Not a good idea

This morning I was investigating a problem at a customer site where their Manager (a program I wrote most of) is hanging. Thanks to “kill -3 pid” I discovered it was building a tool tip. Thanks to a database query, I found that the tool tip it was building was trying to display 430,000+ identical date ranges. Hmmm, looks like we’re going to be a while, and probably a little short of screen real estate at the same time.

I did a few database commands to remove the 430,000+ records and put back one copy of it. (I’m sure somebody has a command that will do both in one step – I did a “delete” followed by an “insert” because I’m lame.)
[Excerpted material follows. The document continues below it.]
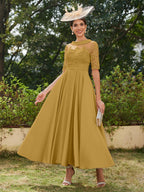 Sabrina Claire Gold front view mother of the bride dress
The Field Engineer at the customer site wrote to ask if I could tell him the database commands in case this happens again. I politely declined. I told my boss that this would be somewhat like giving handguns and tequila to a bunch of 9 year old boys. Repeat after me:

I’m sorry, you appear to have totally hosed the database. You’re going to have to wipe the database and re-injest all your content. You’ll probably be up and running again in two days or so.

3 thoughts on “Not a good idea”

  1. I had similar requests in my last job and also politely declined.

    Out of curiousity, will you be modifying the tooltip routine to include some sanity checks? You could probably restrict the underlying query so that it only returns a limited number of rows.

  2. Sanity checks? The problem is, we don’t know how many KDMs (that’s a package containing an encryption key and I don’t know what else) are going to be ‘sane’ in the real world, because we’re kind of new to this. In testing, I usually only have one or two, but these guys, after removing the 430,000+ bogus ones, still had 180+.